As a performer, Will Ferrell tends to stand stiffly and shout and make loud noises and generally do everything he can to attract attention. But he’s by nature a collaborator. There’s a marked difference between the Will Ferrell in for-hire movies, like “Blades of Glory” and “The Campaign,” and the Will Ferrell who writes with director Adam McKay. “Anchorman,” from 2004, was the first of these, and one can detect in it, ‘”Talladega Nights,” “Step Brothers,” and “The Other Guys” a next level creativity that comes with working with someone even more in love than he with absurdism that often slides into full-bore surrealism.

This is to say, if someone’s going to do a rehash of a modest hit that became an overly-quoted cult sensation, it might as well be Ferrell and McKay. “Anchorman” was a regularly odd movie, but “Anchorman 2” goes even farther. Now somewhere in the early 1980s — with the obligatory carousel of the period’s pop song cheese — Ferrell’s well-coifed, haughty but incompetent Ron Burgundy has transplanted to New York City. He loses his job and his wife (Christina Applegate), but suddenly finds himself working with a new channel launching a dangerous, crazy-sounding thing called “24 hour news.”

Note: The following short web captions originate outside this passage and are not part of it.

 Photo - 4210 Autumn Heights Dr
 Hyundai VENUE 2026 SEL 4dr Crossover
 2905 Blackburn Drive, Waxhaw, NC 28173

CNN and Fox News are silly enough as is that the digs at them are only moderately amusing. But despite their love for them, topical jokes have never been Ferrell and McKay’s true strengths. Nonsense and nonsequiturs are. McKay has only gotten more confident with going deep into the weird since 2004, and as ever he leads his sprawling cast to some deeply strange places, be it alpha male blowhard “Champ” Kind (David Koechner) opening a chain that offers fried bats or a news segment ranking the best ever female genitalia (number two: Madame Curie).

The sequel regurgitates a couple couldn’t-resist moments from number one, to admittedly only slightly diminishing returns: it’s hard to top that one’s leftfield melee, but not for a herculean amount of trying. And it’s sad that Applegate, who surprisingly held her own in the nakedly feminist first, gets booted so early. There’s a lack of instant classic quotables, but given how ubiquitous “Anchorman 1” lines are on t-shirts and at sports bars, that’s probably a good thing.

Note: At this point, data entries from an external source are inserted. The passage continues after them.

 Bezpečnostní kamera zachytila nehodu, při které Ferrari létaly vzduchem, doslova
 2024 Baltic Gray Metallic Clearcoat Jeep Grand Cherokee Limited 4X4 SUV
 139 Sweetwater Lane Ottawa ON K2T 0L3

Besides, there’s little use complaining with the ad-libs that get in. Still, it’s worth remembering that McKay and Ferrell aren’t just about improv. They’re expert plotters, who keep hitching the story with insane hairpin turns, including a late second act twist that will probably alienate a chunk of the audience who just came to hear Burgundy talk about being kind of a big deal. For filmmakers who rely on the nutty throwaway line, they know the funniest stuff is often the material you think up long before the digital cameras roll. You can’t just improvise a minotaur.